Re:No! Totally wrong approach (Score:3, Informative)
Rare earth materials are actually quite common, despite their name. Some of them are actually more common than lead or nitrogen.
Old news (Score:5, Informative)
The Molycorp restart has been known for months. The IPO was back in July.
"Rare earths" aren't really that rare. There are many potential mining sites worldwide. They're sparse, in that huge amounts of rock have to be processed to get small amounts of metal. Because of that, rare earth mines produce vast amounts of useless tailings, contaminated with the chemicals used in extraction. That's why nobody wants one nearby. The big one in Inner Mongolia is considered an environmental disaster area even by Chinese standards [dailymail.co.uk].
Re:Good! (Score:5, Informative)
Re:Good! (Score:4, Informative)
The Mountain Pass rare earth mine [wikipedia.org] uses froth floatation [wikipedia.org], a water intensive process. For goodness sake get some facts right. Even in the high desert, we have these things known as "pipes."
The summary is way off. (Score:5, Informative)

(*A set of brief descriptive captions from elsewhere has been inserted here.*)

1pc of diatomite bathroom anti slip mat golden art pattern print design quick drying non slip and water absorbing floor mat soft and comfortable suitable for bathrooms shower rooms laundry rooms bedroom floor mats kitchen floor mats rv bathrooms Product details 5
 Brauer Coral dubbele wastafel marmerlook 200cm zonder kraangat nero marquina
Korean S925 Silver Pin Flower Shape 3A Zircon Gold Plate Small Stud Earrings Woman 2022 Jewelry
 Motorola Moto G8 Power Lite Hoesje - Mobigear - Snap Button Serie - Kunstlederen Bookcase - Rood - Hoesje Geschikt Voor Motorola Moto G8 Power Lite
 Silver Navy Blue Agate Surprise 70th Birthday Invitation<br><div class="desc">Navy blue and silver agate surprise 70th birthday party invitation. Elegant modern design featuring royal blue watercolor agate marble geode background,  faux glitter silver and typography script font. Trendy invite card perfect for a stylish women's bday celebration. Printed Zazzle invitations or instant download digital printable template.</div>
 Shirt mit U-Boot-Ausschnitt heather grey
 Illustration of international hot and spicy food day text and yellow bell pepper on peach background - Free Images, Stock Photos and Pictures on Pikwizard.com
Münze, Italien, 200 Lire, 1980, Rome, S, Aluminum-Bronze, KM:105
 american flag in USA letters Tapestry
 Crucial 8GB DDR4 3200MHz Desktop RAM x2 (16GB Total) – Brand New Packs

The article says the mine will produce about 20% of China's current output, not 20% of the amount we import.
Digging rare earths from the ground is easy part (Score:5, Informative)
The hard one is separating them. And they are hard to separate because of very similiar chemical properties. Currently there is problably no functional rare earths separation facility outside of China and rare earths concentrate (mine output) has to be brought back to China and thus becomes subject of China export quotas. There is one facility in construction (in Malasia as far as I remember) but going to production will take a while. Chinese have driven everyone out of business and then bought remaining facilities and know-how. And no one in intervened - utter stupidity and incompetence of western leadership has surpassed levels of lack-of-self-preservation-instinct in this matter. We are totally dependent on Chinese and this year we learned about this the hard way. Chineese limited their export quotas by 70% and rare earths prices jumped several times. Of course, you can buy them cheaper for producing your widgets, you just need to move your production facility to China.
I just hope we get full rare earth production chain up and working as soon as possible, but it will propably take a few years.